Stored data:
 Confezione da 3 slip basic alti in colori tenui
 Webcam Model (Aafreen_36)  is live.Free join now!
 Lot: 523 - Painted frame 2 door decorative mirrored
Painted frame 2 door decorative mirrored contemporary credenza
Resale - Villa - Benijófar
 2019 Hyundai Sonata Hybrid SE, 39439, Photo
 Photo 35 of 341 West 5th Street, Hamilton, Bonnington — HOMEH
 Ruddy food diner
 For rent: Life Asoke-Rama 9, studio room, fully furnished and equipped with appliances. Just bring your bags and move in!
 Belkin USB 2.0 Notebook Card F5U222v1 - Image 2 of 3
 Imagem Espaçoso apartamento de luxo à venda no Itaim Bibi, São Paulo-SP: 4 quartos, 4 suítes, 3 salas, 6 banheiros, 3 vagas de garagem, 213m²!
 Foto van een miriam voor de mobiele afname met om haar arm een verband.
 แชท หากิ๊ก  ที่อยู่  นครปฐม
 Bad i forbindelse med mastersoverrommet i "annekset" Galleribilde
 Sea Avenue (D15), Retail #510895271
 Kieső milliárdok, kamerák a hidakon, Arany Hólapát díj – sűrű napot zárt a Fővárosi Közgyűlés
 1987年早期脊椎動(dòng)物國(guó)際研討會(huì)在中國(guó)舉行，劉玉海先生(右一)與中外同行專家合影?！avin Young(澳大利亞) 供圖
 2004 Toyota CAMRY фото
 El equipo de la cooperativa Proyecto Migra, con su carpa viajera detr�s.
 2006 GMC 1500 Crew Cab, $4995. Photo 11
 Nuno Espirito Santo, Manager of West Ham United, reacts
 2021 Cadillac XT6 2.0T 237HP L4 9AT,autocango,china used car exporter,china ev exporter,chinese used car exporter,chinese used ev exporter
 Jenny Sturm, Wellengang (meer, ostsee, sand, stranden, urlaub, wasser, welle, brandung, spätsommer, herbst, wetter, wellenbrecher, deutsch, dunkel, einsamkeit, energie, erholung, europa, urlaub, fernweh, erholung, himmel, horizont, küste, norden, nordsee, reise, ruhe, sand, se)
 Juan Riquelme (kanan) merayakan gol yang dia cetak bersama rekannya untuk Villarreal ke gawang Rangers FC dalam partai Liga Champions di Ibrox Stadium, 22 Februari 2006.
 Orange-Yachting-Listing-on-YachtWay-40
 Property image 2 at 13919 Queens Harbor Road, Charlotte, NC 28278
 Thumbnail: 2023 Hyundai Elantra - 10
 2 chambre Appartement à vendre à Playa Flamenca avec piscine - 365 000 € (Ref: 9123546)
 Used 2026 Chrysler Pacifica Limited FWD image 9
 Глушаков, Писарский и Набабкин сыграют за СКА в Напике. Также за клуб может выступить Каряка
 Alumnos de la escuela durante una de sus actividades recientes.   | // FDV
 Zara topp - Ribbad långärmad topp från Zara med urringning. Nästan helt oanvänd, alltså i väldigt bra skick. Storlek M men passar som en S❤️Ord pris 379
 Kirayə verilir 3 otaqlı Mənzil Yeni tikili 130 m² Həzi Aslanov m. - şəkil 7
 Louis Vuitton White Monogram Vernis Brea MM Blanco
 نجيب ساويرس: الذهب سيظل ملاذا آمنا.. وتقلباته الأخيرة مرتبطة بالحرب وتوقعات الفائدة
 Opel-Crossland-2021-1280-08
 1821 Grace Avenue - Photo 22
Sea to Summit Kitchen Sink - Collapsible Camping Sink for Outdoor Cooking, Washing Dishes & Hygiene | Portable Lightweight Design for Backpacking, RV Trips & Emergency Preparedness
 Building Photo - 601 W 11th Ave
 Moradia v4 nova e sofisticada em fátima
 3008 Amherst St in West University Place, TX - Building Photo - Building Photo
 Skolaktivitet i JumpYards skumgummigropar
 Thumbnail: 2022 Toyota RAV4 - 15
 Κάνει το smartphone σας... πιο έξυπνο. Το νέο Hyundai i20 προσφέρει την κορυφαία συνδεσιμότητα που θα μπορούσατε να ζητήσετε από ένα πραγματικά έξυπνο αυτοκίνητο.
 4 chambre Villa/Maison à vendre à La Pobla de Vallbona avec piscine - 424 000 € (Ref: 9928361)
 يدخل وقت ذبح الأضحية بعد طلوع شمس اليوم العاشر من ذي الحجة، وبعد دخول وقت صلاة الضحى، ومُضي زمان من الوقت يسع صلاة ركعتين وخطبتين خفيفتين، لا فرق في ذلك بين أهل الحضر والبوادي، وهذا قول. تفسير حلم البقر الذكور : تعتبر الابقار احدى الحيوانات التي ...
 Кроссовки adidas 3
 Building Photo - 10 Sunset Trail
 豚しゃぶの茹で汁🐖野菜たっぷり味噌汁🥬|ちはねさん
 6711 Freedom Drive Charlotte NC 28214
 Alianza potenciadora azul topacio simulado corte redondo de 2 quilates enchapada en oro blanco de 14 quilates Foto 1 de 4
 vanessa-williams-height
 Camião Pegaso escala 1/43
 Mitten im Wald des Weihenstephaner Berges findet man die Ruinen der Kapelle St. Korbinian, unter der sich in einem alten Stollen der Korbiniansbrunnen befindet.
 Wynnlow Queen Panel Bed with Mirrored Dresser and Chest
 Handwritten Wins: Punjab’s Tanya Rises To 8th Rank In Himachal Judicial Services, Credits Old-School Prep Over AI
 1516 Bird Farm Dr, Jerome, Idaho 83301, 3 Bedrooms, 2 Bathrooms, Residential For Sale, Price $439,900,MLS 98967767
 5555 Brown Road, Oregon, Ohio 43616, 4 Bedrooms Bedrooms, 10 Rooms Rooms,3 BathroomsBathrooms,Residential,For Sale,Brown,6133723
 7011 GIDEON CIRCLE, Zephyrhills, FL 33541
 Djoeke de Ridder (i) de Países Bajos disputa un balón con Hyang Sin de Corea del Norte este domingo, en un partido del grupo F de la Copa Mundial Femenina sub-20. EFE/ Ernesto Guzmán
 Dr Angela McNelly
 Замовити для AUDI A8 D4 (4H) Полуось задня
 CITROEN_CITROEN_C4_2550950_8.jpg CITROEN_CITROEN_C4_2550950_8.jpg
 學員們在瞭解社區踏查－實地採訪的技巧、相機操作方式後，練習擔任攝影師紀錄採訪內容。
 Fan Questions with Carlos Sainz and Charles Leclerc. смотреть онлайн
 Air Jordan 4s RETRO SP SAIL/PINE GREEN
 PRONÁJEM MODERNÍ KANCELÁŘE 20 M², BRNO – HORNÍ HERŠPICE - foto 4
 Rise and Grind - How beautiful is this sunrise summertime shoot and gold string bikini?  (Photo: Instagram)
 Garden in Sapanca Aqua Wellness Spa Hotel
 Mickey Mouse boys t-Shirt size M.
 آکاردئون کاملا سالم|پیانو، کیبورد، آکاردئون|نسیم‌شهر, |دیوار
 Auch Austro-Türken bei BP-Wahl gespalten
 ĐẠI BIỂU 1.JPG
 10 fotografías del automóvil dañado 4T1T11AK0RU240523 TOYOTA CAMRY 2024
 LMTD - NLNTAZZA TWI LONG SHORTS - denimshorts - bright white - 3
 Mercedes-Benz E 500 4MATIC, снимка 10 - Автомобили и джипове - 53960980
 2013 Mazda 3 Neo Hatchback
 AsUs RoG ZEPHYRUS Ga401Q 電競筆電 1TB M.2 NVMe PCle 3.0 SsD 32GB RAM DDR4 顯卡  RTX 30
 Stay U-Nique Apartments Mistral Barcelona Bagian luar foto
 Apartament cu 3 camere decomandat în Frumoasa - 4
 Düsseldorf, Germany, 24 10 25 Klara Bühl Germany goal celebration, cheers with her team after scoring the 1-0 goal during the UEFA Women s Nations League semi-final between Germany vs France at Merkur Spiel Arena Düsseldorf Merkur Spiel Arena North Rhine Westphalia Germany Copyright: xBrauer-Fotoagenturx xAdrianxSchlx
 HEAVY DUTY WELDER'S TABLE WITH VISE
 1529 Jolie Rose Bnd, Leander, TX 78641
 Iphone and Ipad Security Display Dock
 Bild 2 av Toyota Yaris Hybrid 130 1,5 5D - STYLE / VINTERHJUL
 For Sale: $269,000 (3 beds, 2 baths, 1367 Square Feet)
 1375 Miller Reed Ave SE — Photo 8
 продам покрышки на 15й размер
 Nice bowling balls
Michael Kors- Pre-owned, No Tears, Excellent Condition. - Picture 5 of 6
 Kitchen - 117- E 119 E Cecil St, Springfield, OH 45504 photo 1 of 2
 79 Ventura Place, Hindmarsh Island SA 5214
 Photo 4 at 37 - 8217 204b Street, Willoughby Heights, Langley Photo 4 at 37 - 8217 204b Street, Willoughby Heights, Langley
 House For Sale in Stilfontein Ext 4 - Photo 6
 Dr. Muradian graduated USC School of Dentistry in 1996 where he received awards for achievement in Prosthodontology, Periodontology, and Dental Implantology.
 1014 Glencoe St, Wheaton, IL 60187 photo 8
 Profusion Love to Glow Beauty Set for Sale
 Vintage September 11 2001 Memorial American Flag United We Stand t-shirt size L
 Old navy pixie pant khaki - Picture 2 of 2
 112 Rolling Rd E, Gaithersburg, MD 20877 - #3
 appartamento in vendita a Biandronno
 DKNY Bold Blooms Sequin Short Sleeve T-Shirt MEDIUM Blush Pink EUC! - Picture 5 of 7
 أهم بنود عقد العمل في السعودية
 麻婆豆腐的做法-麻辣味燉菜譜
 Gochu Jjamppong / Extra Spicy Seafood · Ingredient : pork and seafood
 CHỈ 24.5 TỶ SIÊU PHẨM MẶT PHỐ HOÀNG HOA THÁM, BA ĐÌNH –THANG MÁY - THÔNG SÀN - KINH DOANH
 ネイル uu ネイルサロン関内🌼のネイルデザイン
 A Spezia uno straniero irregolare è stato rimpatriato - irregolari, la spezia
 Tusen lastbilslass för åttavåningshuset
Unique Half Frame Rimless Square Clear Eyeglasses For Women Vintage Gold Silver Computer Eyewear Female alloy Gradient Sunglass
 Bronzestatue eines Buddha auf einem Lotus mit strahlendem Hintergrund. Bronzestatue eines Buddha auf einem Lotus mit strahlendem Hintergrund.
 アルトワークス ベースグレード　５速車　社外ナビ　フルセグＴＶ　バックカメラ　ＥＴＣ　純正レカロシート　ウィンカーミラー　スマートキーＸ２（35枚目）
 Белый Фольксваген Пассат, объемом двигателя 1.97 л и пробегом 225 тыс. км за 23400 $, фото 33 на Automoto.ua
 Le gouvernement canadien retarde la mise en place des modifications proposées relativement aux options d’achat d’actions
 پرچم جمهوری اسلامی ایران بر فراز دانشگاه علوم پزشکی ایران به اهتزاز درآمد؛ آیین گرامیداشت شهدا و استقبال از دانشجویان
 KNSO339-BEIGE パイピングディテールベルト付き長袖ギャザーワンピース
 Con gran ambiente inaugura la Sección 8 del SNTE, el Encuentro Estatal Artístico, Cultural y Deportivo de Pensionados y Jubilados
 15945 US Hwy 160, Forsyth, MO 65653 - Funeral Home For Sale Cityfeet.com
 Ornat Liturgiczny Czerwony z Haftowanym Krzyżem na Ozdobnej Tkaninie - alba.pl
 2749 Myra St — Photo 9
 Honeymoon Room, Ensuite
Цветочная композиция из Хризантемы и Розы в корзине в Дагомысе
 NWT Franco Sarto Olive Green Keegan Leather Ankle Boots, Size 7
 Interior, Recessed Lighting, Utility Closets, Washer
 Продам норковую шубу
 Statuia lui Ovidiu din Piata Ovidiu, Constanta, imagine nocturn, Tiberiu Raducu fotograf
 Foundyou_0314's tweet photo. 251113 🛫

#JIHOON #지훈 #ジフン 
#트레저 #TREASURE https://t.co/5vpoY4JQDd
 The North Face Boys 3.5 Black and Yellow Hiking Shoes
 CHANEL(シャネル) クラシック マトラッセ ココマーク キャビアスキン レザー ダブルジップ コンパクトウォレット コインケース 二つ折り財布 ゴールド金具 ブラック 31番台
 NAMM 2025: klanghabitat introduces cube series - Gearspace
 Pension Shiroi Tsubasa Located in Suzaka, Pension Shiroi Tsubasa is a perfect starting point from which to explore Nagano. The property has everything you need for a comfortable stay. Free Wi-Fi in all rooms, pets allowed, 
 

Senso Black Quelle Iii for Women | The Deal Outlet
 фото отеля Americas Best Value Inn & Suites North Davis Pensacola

ACTIVITY: Look back at the data above. Transcribe exactly the lines starting at the line that contains "Resale - Villa - Benijófar" and ending at the line that contains "2006 GMC 1500 Crew Cab, $4995. Photo 11".

SOLUTION FOR THIS TASK:
Resale - Villa - Benijófar
 2019 Hyundai Sonata Hybrid SE, 39439, Photo
 Photo 35 of 341 West 5th Street, Hamilton, Bonnington — HOMEH
 Ruddy food diner
 For rent: Life Asoke-Rama 9, studio room, fully furnished and equipped with appliances. Just bring your bags and move in!
 Belkin USB 2.0 Notebook Card F5U222v1 - Image 2 of 3
 Imagem Espaçoso apartamento de luxo à venda no Itaim Bibi, São Paulo-SP: 4 quartos, 4 suítes, 3 salas, 6 banheiros, 3 vagas de garagem, 213m²!
 Foto van een miriam voor de mobiele afname met om haar arm een verband.
 แชท หากิ๊ก  ที่อยู่  นครปฐม
 Bad i forbindelse med mastersoverrommet i "annekset" Galleribilde
 Sea Avenue (D15), Retail #510895271
 Kieső milliárdok, kamerák a hidakon, Arany Hólapát díj – sűrű napot zárt a Fővárosi Közgyűlés
 1987年早期脊椎動(dòng)物國(guó)際研討會(huì)在中國(guó)舉行，劉玉海先生(右一)與中外同行專家合影?！avin Young(澳大利亞) 供圖
 2004 Toyota CAMRY фото
 El equipo de la cooperativa Proyecto Migra, con su carpa viajera detr�s.
 2006 GMC 1500 Crew Cab, $4995. Photo 11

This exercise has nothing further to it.